Provided data:
....

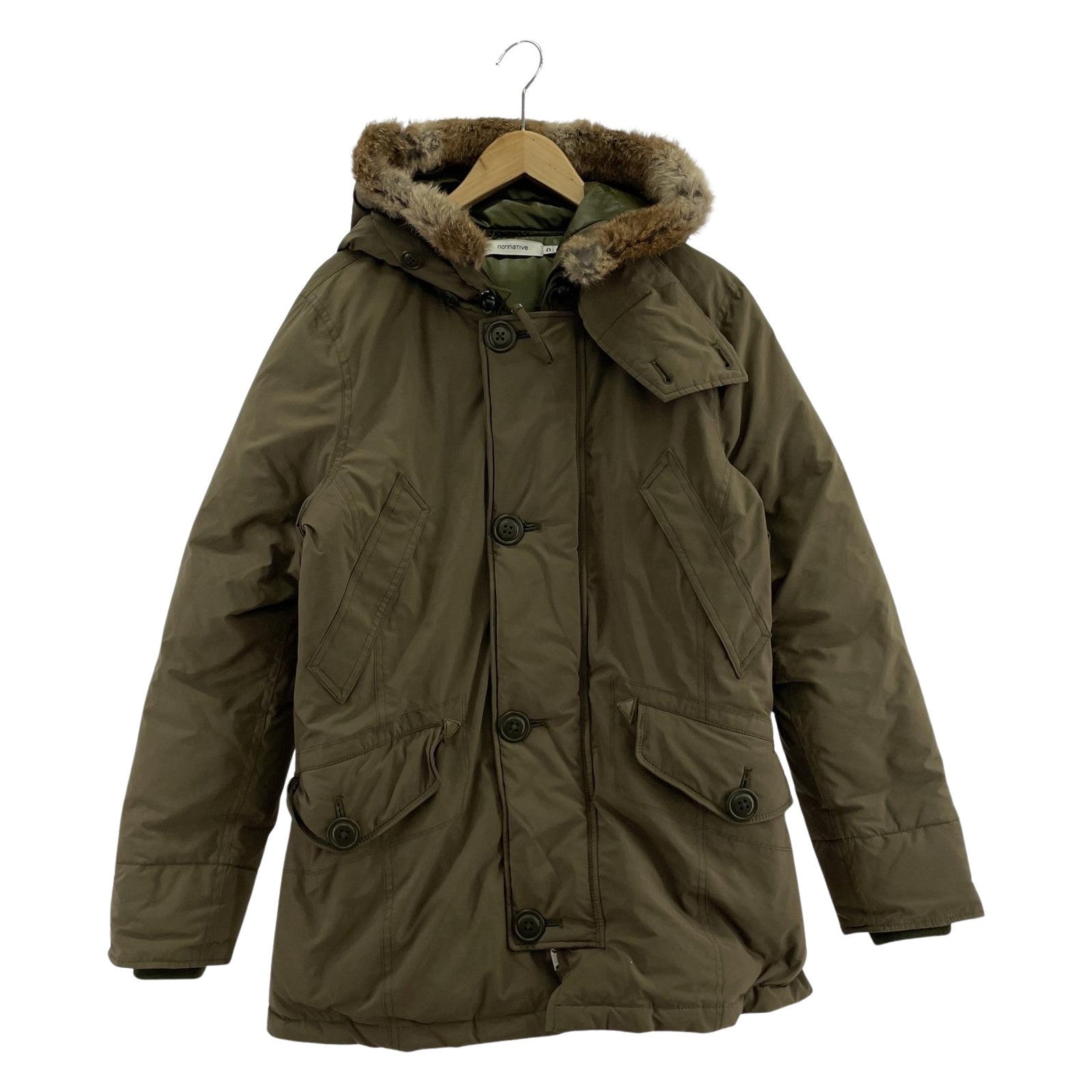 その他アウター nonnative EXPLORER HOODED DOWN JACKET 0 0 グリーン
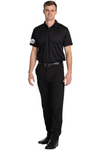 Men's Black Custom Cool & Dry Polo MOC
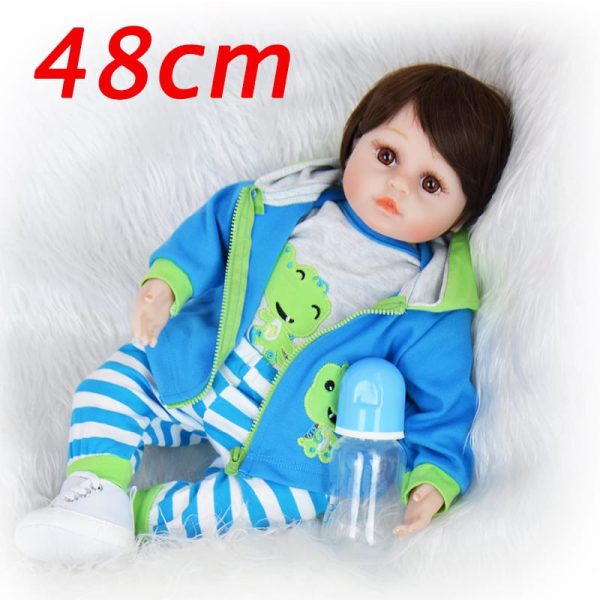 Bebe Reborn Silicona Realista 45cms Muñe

....

Your task: Word for word, reproduce all the data, but not the pictures.

Result for this task:
 その他アウター nonnative EXPLORER HOODED DOWN JACKET 0 0 グリーン
 Men's Black Custom Cool & Dry Polo MOC
 Bebe Reborn Silicona Realista 45cms Muñe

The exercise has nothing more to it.